Using AI to talk to books
Day 10 / 365
I have made several small AI tools so far. So today I wanted to challenge myself. So I set out to build a tool that you can give a pdf file to, and then ask any question about its contents.
The use cases are several. For instance, all of the NCERT books are available in PDF format. With such a tool, a student can get their doubts answered about any chapter of a book more easily.
The Complexity
So what makes this problem not so straightforward?
Firstly let’s see where ChatGPT gets its info from. ChatGPT works using an AI model that has been trained on a large set of text from all over the internet. So if your question is related to text that is available for free on the internet, it will be able to give you a good enough answer.
But the catch here is that the training data for ChatGPT has a cut-off date.
GPT 3.5 knows only about things on the internet up to Sep 2021. So if your question is about something after that, it would not be able to help you with it.
Providing extra info to GPT
One solution could be to provide GPT with the additional info in the prompt itself, and then ask it your question.
So in the case of the NCERT example, I could copy and paste the whole text from a chapter into my prompt and it would work fine.
The problem arises when the text becomes too long. See LLMs like GPT have a limit to the amount of text they can remember at any given time. This is called the Context Window. For most models, it's not more than a few 1000 words. That would translate to 3–4 pages.
So we need to think of a better solution
Embeddings and Vector Databases
Suppose I had a book with 100 pages, and I wanted to ask a specific question about it. It could be that out of those 100 pages, only 2–3 had info related to my question. Instead of passing the whole text to GPT, we just need to pass the relevant pages. This way we will stay within the context window.
This is where vector databases come in.
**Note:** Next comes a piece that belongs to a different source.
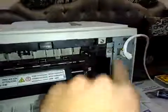At the back of the printer, take this door off, and this one, and this one. Okay, we'll take it off.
I would need a whole other blog post to explain what they are, but for now, we just need to know the following -
- We can convert text from the book to integer vectors using an embedding model and store them in so-called vector databases
- We can convert our questions into vectors as well
- By measuring the distance between our question vector and the vectors in our database, we can find text that is relevant to our question.
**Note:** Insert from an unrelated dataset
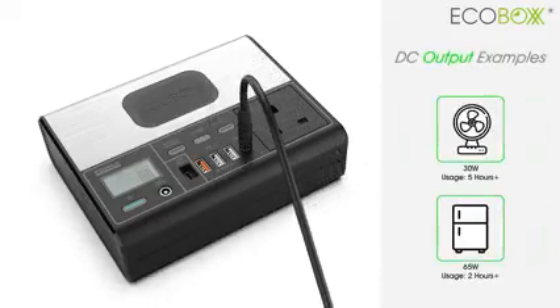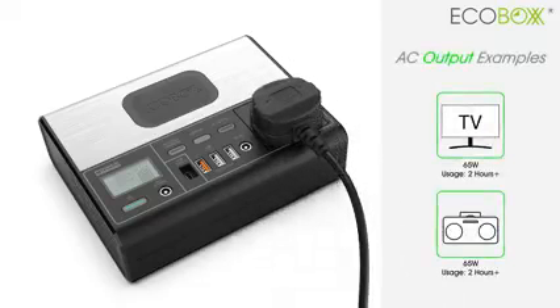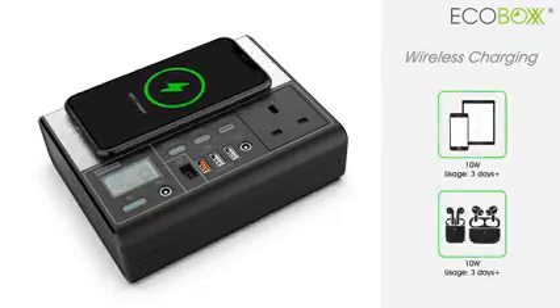EcoBox E-B150. An A5 size, compact portable power generator, with all the necessary functions to fulfill your needs.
Similar texts will be close to each other in the vector space.
Putting it all together
Once I had the solution in my mind, I gathered the tools to code it
- I used Streamlit for the UI
- OpenAI embedding model to create the vectors
- PyPDF to extract text from PDF
- FAISS as my vector database
- GPT-3.5 as my LLM
Here’s the final product — https://talk-to-doc.streamlit.app/
To test it out, I gave it a 100-page PDF with short stories — https://www.nipccd.nic.in/uploads/page/Short-stories-from-100-Selected-Storiespdf-958b29ac59dc03ab693cca052b4036e2.pdf
For the question I chose a random page and looked at this paragraph —
So my question was —
“What surprise did Mr. McCaskey get when he came back home”
And within seconds, It gave me the correct answer!
“The surprise Mr. McCaskey got when he came back home was that instead of the usual stove-lid or potato-masher being thrown at him by his wife, Mrs. McCaskey, he was met with only words. Thereafter, an argument ensued between them which escalated into a food fight.”
I have to say that this worked way better than I had expected!
I know that this is not a new idea. Many people built apps to talk to PDF files last year. But I am happy that I was able to not only understand how they work but also make one of my own from scratch. This opens so many more possibilities for future apps.